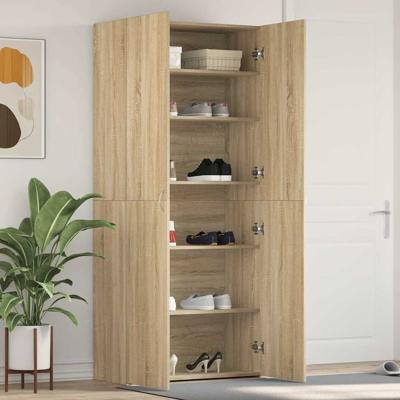 Schoenenkast met plank Bruin 80 x 35.5 x 180 cm Bewerkt hout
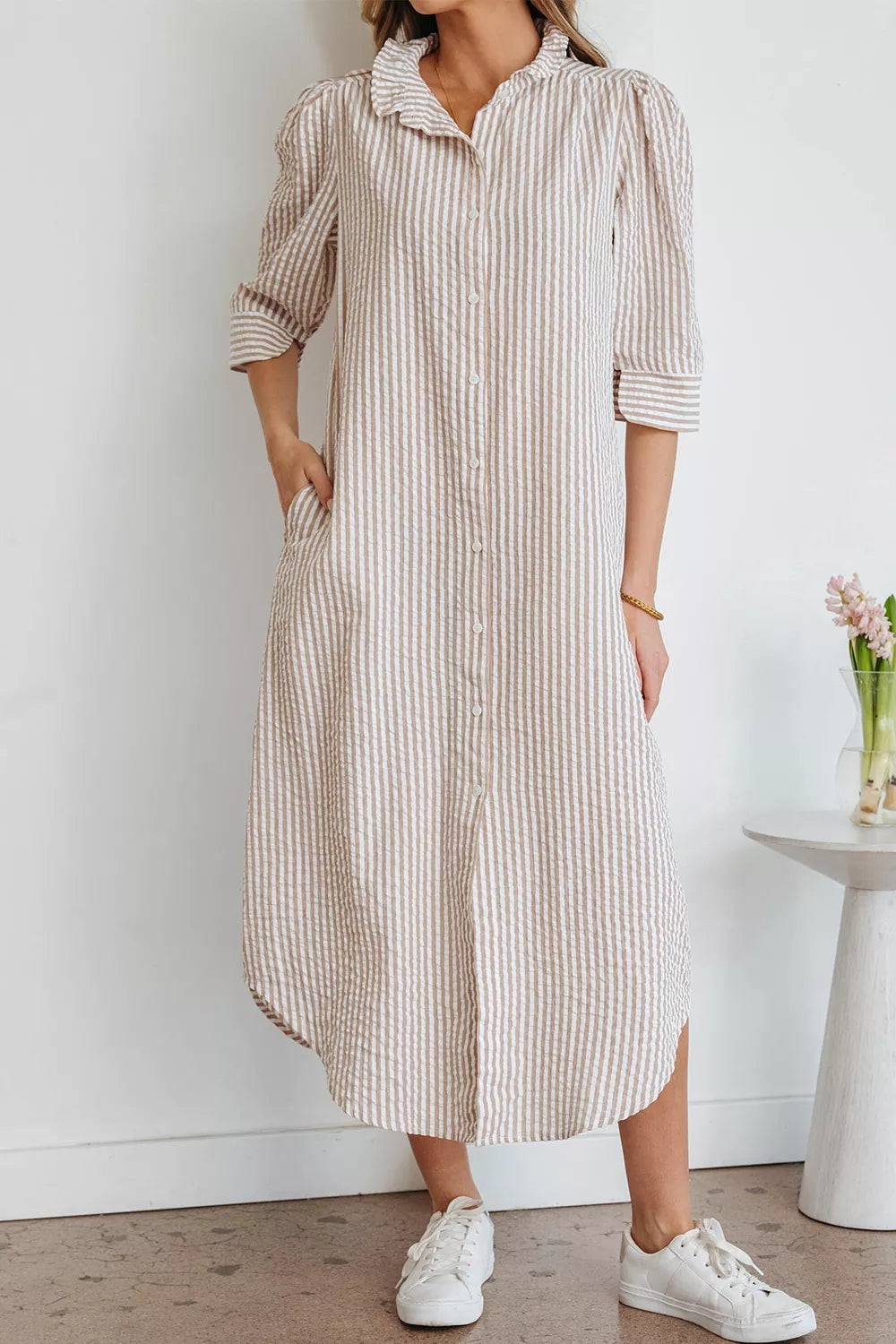 Stripe Frilled Collar Half Sleeve Shirt Dress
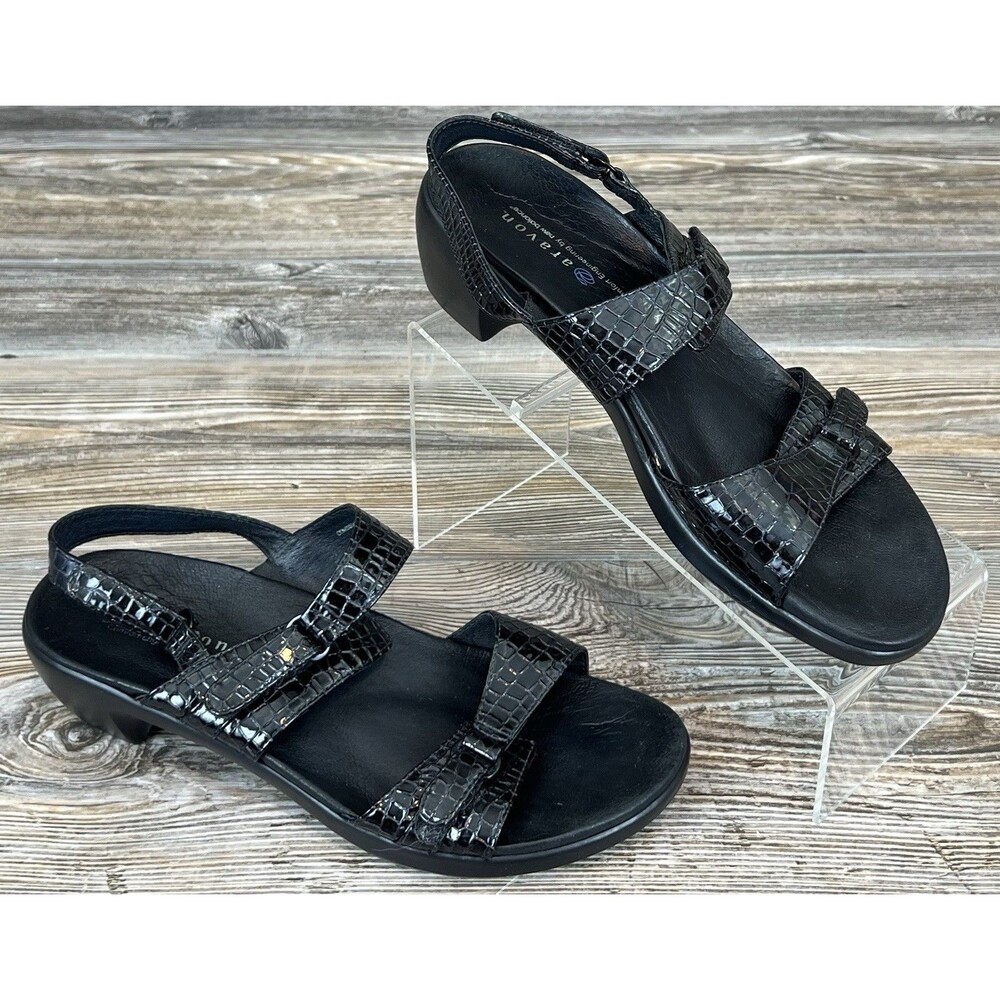 Aravon Sandals Womens 9B Cambridge Black Faux Snakeskin Shimmer‎ Comfort Shoes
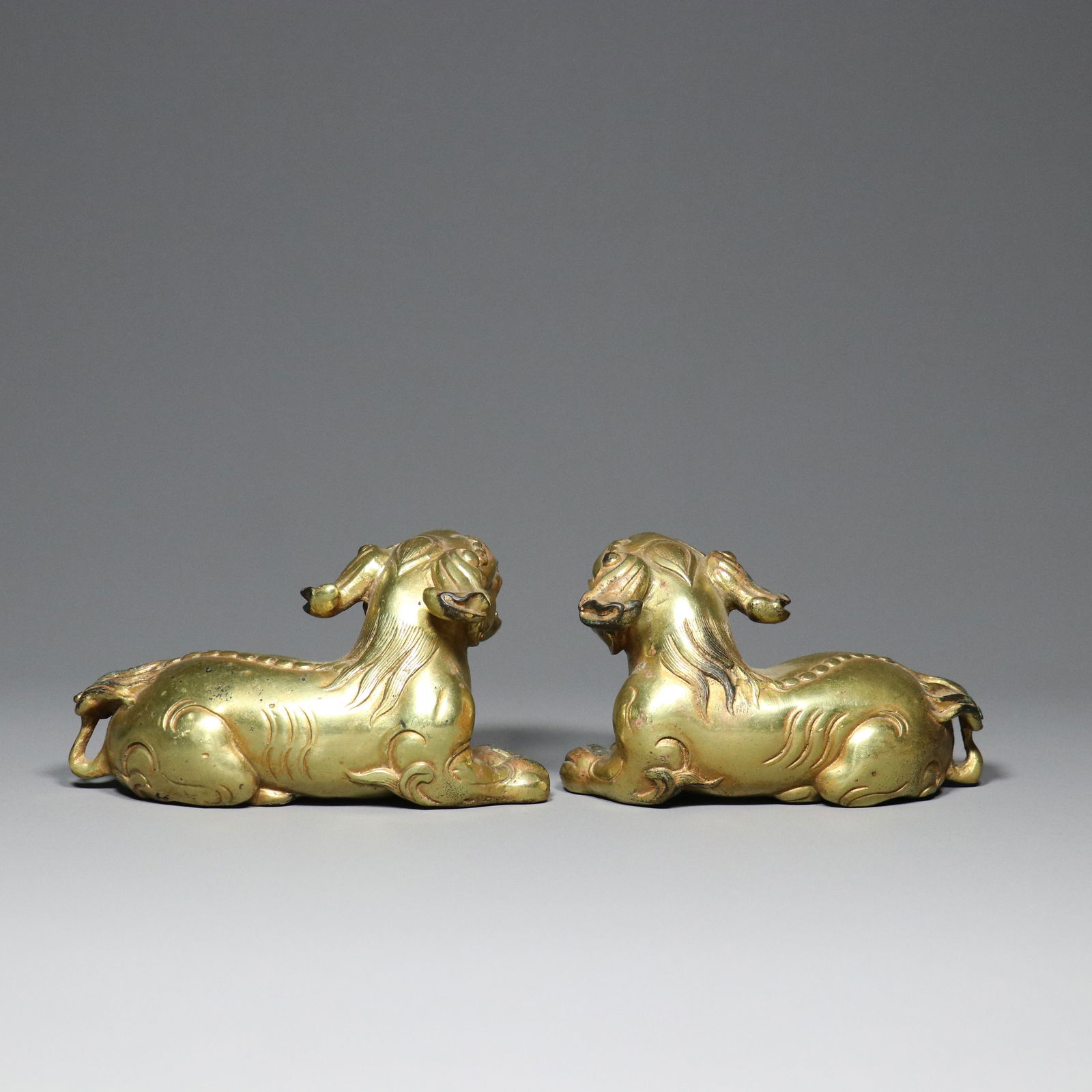 A Pair Chinese Gilt Gold Copper Beast Statue - 2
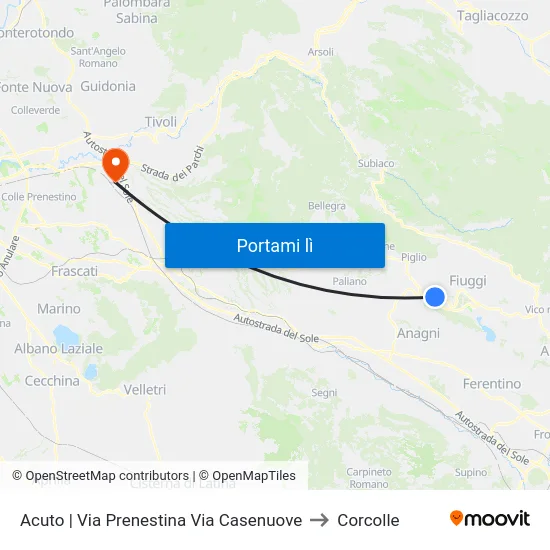 Acuto | Via Prenestina Via Casenuove to Corcolle map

◆ ◆ ◆ ◆ ◆ ◆ ◆

Reproduce every record exactly; images stay out.

* **Answer to the problem**
 Schoenenkast met plank Bruin 80 x 35.5 x 180 cm Bewerkt hout
 Stripe Frilled Collar Half Sleeve Shirt Dress
 Aravon Sandals Womens 9B Cambridge Black Faux Snakeskin Shimmer‎ Comfort Shoes
 A Pair Chinese Gilt Gold Copper Beast Statue - 2
 Acuto | Via Prenestina Via Casenuove to Corcolle map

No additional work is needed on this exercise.